To support the enhancement of meaningful school choice, we recommend:

the development of a metric of the extent of choice at the school district level that would be available to the public and policymakers; and that
school districts with both low levels of choice and low levels of performance be especially encouraged at the federal level to increase their levels of choice.
Our recommendations do not represent advocacy for any particular type of education institution or program. Rather, school choice should be a democratic process that benefits from the informed participation of parents. Our recommendations are suitable to a range of schooling designs, from a school district in which there are no choices other than district-run public schools, to a system of charter schools, to a division of courses between traditional and virtual schools, to a voucher-based open market in which all providers are on an equal footing, and to many variations in between.

A traditional school district could follow our recommendations by instituting an open enrollment plan at all of its schools, giving additional funding for expansion to oversubscribed schools, closing manifestly unpopular schools, providing transportation to students so that residence does not prevent the exercise of choice, making accredited virtual courses fully count towards graduation, and linking the choice system to a high-quality choice navigation website. Our recommendations are equally applicable to an open market in which public, private, charter, and virtual schools compete on an equal footing for students and the tax revenues that are attached to them.

Our position is that whatever the education delivery design the public has chosen to put in place in a particular school jurisdiction, parents should be afforded the maximum degree of choice, provided with valid information on the performance of the education programs that are available, and have their preferences for education programs reflected in the funding of those programs.

We believe the best evidence suggests that a) parents, including those with low levels of education, can make choices of schools for their children that are sensitive to school performance; b) students from low-income backgrounds benefit from their parents’ decision to send them to higher performing schools; c) the form in which information is presented to parents has important effects on their choice of schools; and d) parental choice can create a competitive market for better schools if the growth of preferred schools and the closure or restructuring of unpopular schools is provided for.

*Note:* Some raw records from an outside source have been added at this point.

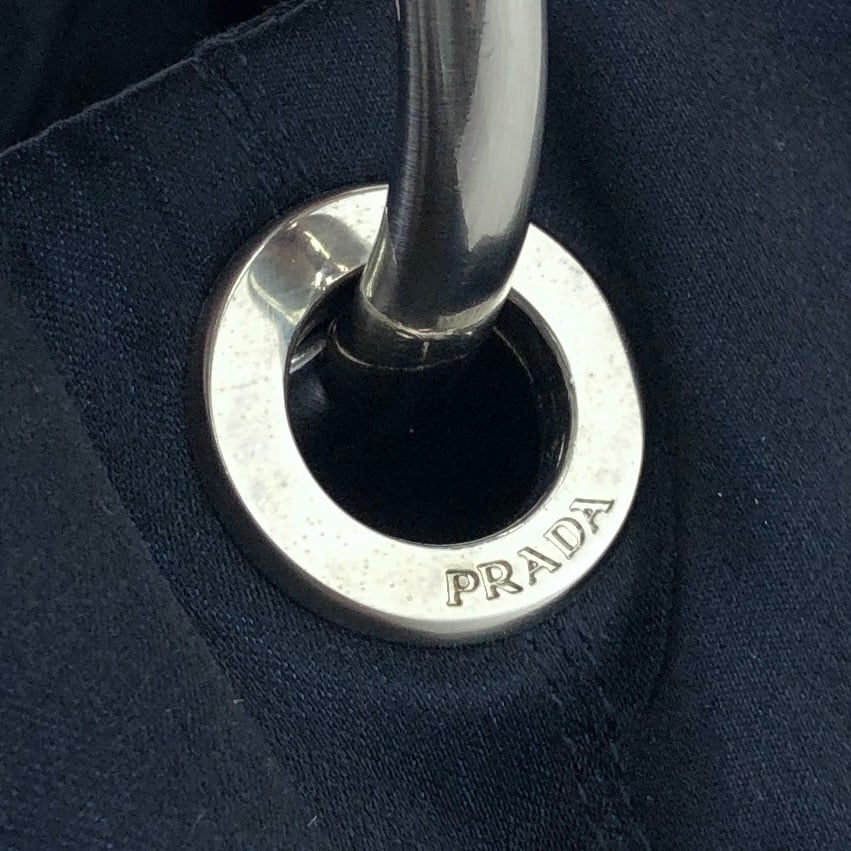 PRADA プラダメタルハンドルロゴナイロンハンドバッグ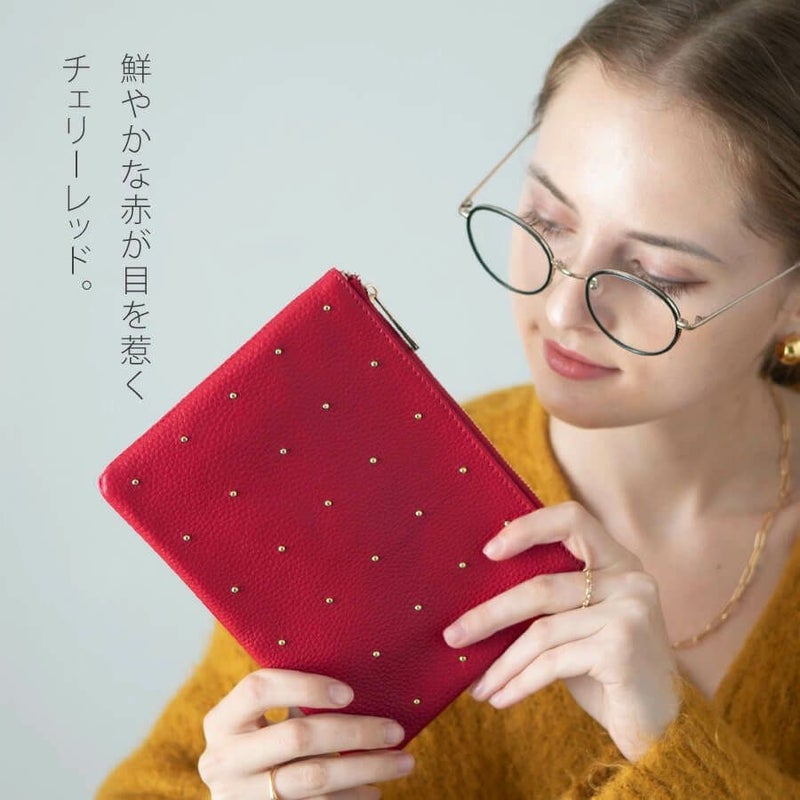 ポーチレディース大人本革牛革レザーポーチドット水玉スタッズ上品【DotleatherpouchドットレザーポーチMサイズ】スクエアかわいいおしゃれ通勤通学旅ギフトプレゼントブランドHAYNIヘイニ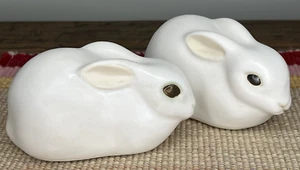 Par de figuras de conejito blanco de Andersen Design Studios Pottery Boothbay Maine - Imagen 1 de 7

Evidence also suggests that there will be substantial variation in the impact of choice systems on parental behavior, student outcomes, and competition among schools depending on the design of the choice systems and the education options that are available. Poorly designed systems may create greater stratification of schools, reduce educational opportunity for disadvantaged students, and have no systemic competitive effects. Thus, the power of choice to increase educational achievement and opportunity is very much in the details of the design and implementation of choice systems. Because the knowledge base on which to construct school choice systems is far from mature, our final recommendation is that:

the federal role in advancing choice be carried out in a learning context — thoughtful variation in the design of choice systems should be encouraged, systematic data on effects should be collected, and redesign should follow naturally from what has been learned.